[[ Recorded information open ]]

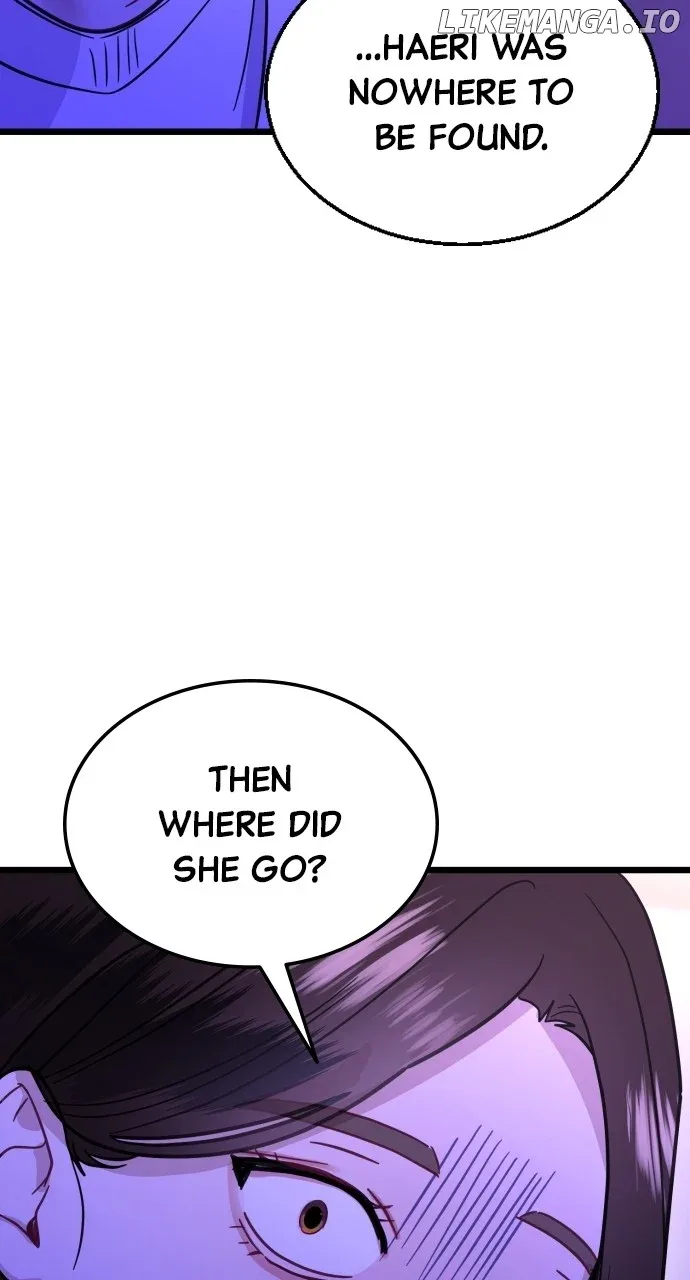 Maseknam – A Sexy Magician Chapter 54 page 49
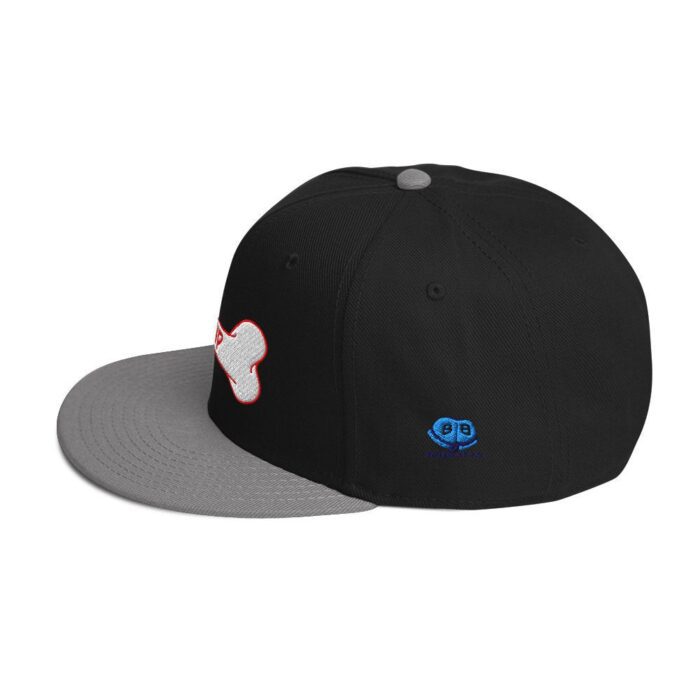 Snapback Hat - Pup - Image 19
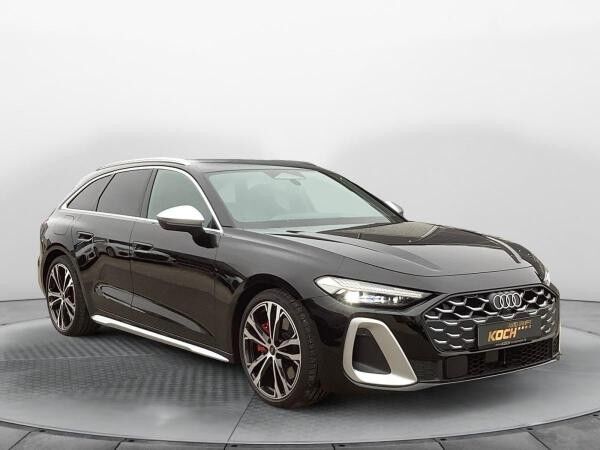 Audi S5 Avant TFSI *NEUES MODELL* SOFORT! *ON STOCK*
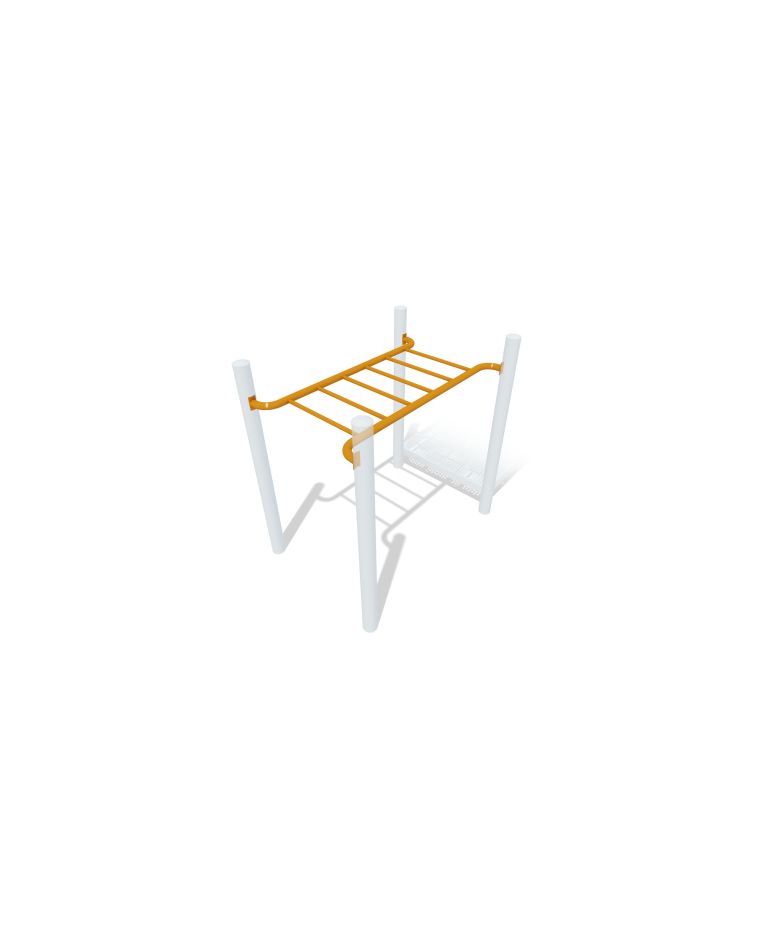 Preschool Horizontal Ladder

[[ Recorded information closed ]]

Everything from the line containing "Snapback Hat - Pup - Image 19" to the last line of the listing above is to be written out exactly, except the pictures, and nothing else.

 Snapback Hat - Pup - Image 19
 Audi S5 Avant TFSI *NEUES MODELL* SOFORT! *ON STOCK*
 Preschool Horizontal Ladder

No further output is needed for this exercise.